* _Task objective_
Any pictures in the records below must be left out when you repeat the lines from the line containing "Alpaca merries, Dieren" through the line containing "Kirkcarrion with sheep and a feint rainbow" exactly.

* _Provided material_
---------------
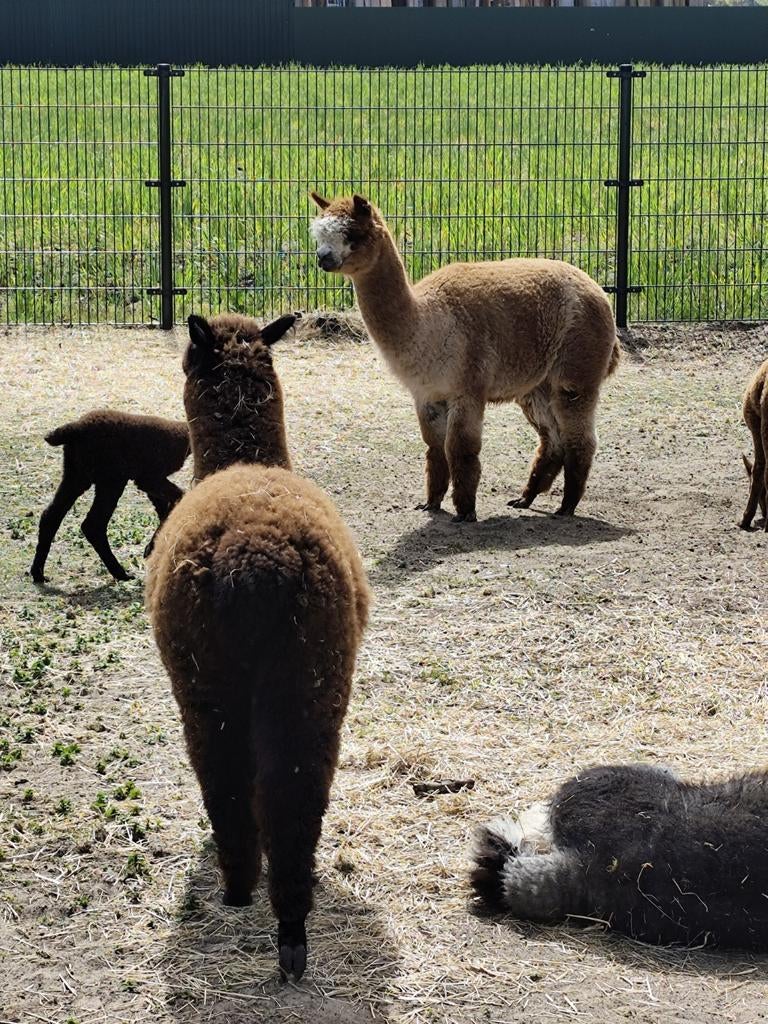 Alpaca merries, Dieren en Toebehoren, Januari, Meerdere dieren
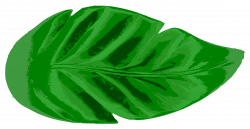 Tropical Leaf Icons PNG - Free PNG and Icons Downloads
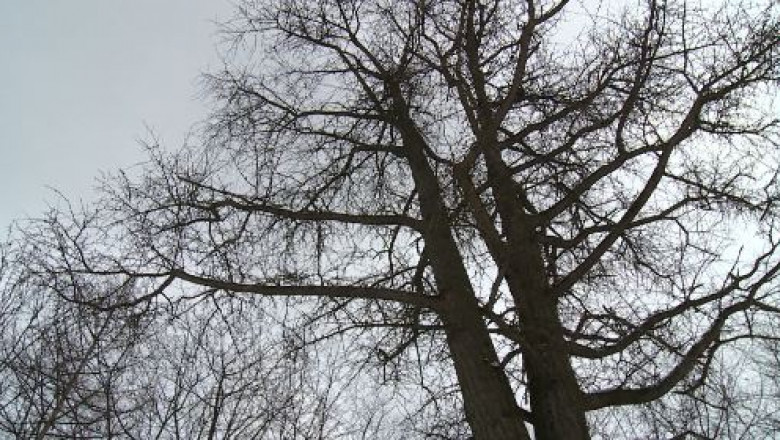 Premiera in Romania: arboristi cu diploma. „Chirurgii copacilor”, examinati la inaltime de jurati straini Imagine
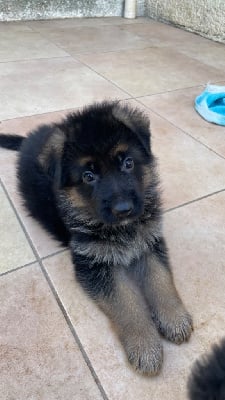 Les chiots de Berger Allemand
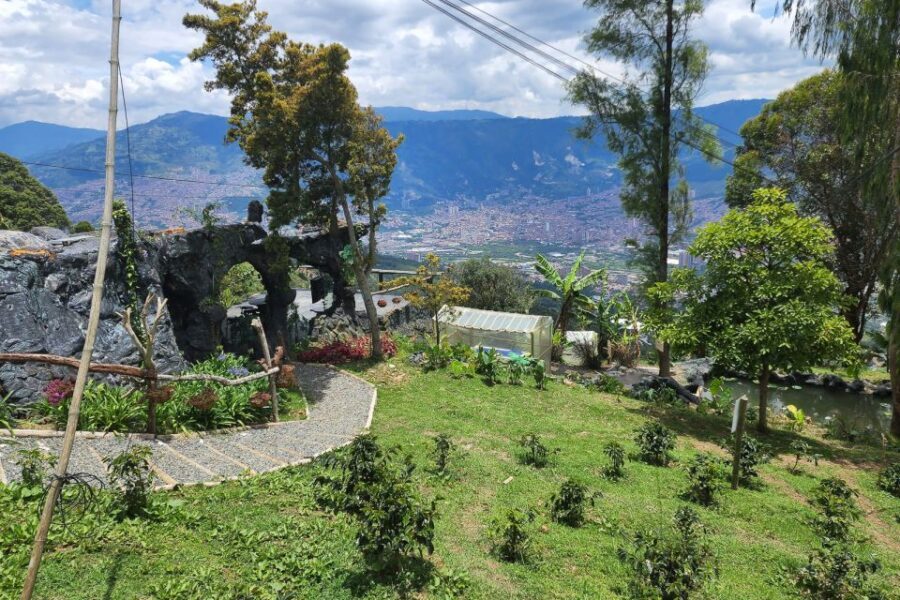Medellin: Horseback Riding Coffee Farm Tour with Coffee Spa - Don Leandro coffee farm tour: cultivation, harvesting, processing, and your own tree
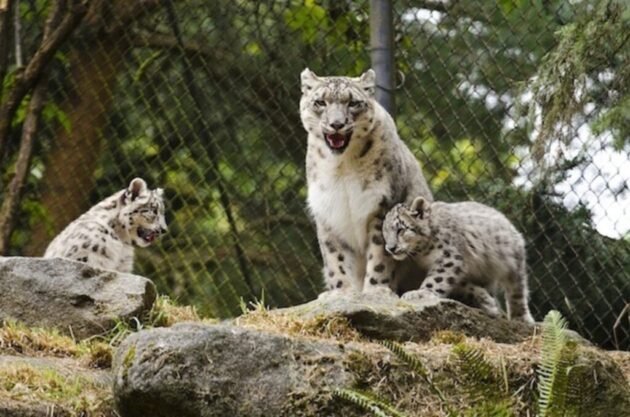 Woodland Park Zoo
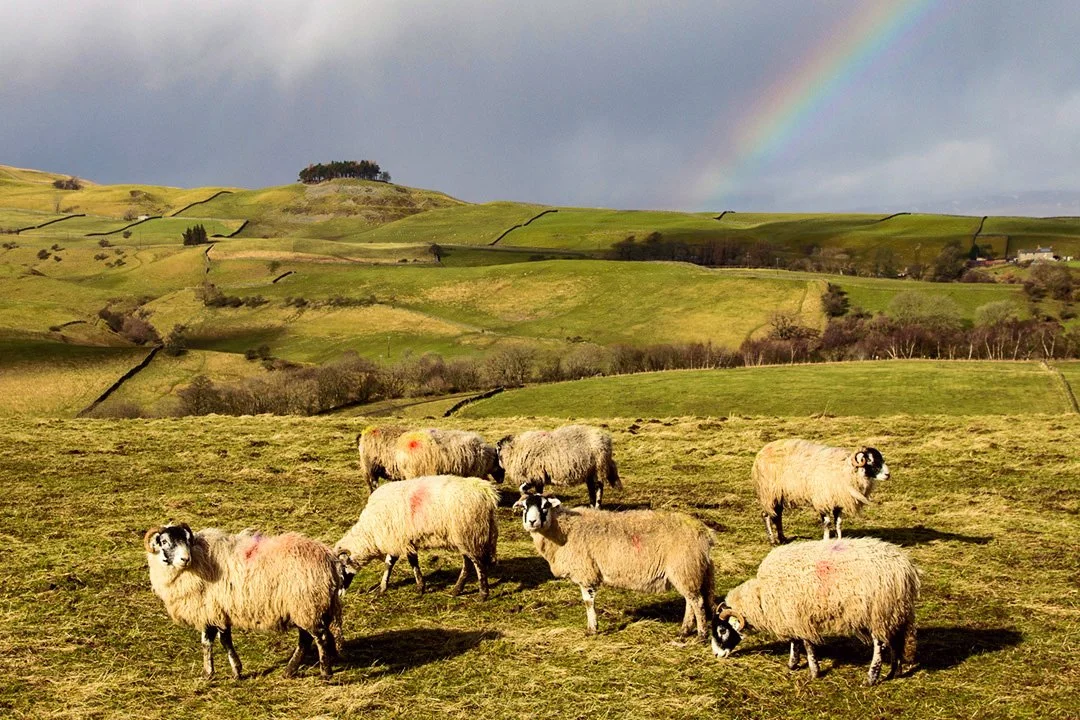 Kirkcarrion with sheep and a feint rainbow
---------------
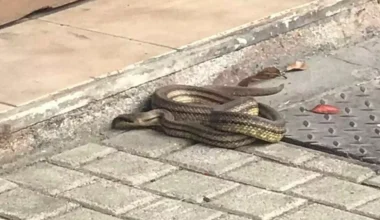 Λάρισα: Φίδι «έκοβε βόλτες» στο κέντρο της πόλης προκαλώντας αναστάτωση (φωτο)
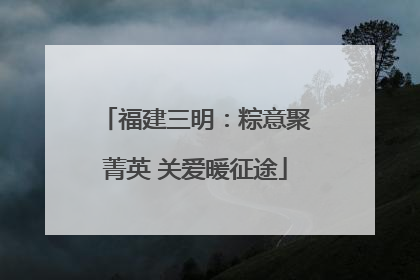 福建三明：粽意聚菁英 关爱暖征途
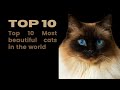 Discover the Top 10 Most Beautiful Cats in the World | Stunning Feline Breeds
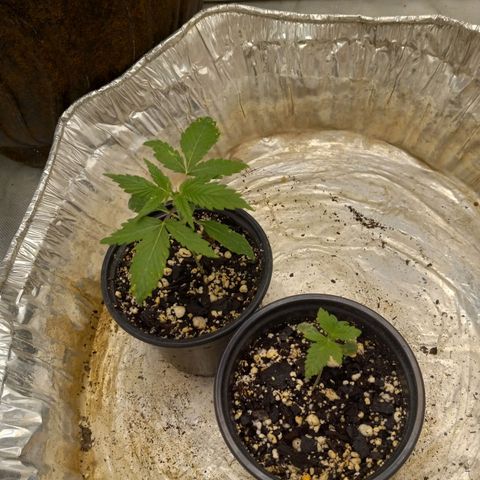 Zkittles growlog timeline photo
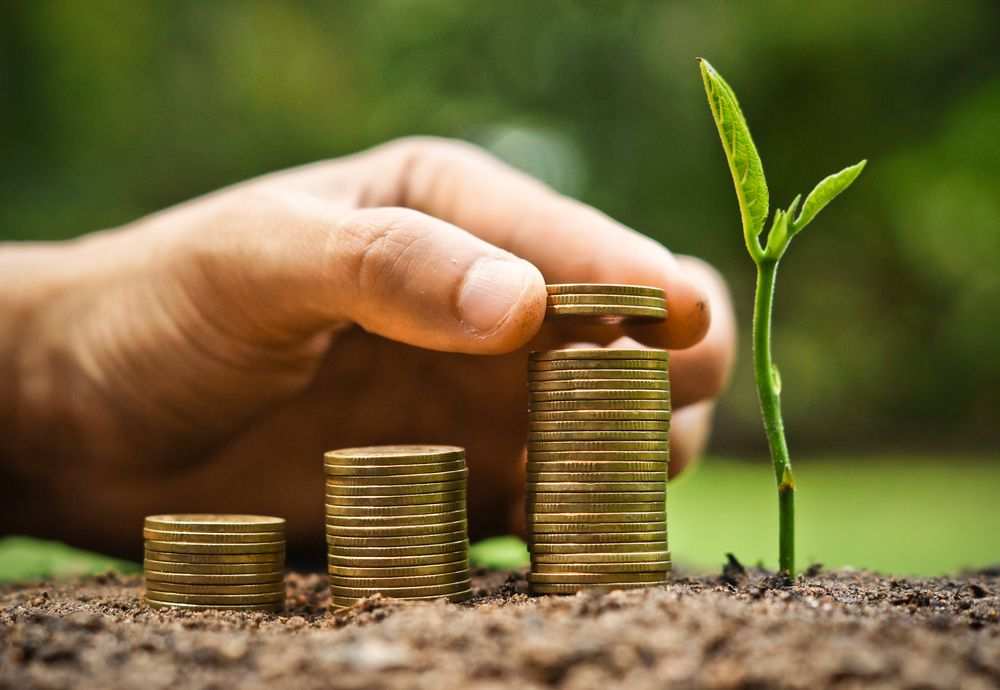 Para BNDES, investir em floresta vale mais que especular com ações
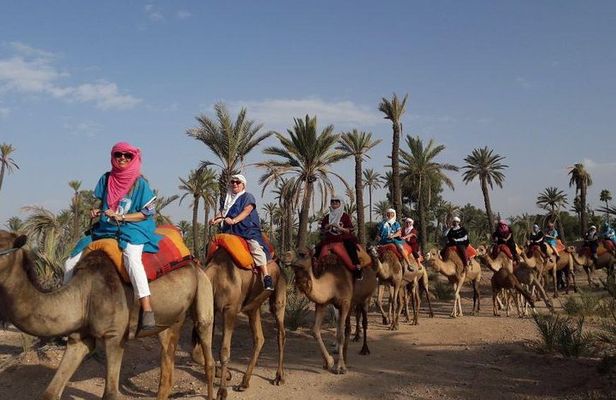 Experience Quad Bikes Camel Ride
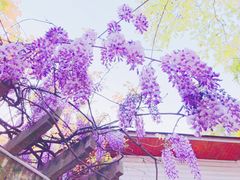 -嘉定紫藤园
---------------
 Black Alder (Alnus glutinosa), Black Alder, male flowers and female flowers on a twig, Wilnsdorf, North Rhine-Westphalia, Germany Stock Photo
---------------
* _Written solution_
 Alpaca merries, Dieren en Toebehoren, Januari, Meerdere dieren
 Tropical Leaf Icons PNG - Free PNG and Icons Downloads
 Premiera in Romania: arboristi cu diploma. „Chirurgii copacilor”, examinati la inaltime de jurati straini Imagine
 Les chiots de Berger Allemand
Medellin: Horseback Riding Coffee Farm Tour with Coffee Spa - Don Leandro coffee farm tour: cultivation, harvesting, processing, and your own tree
 Woodland Park Zoo
 Kirkcarrion with sheep and a feint rainbow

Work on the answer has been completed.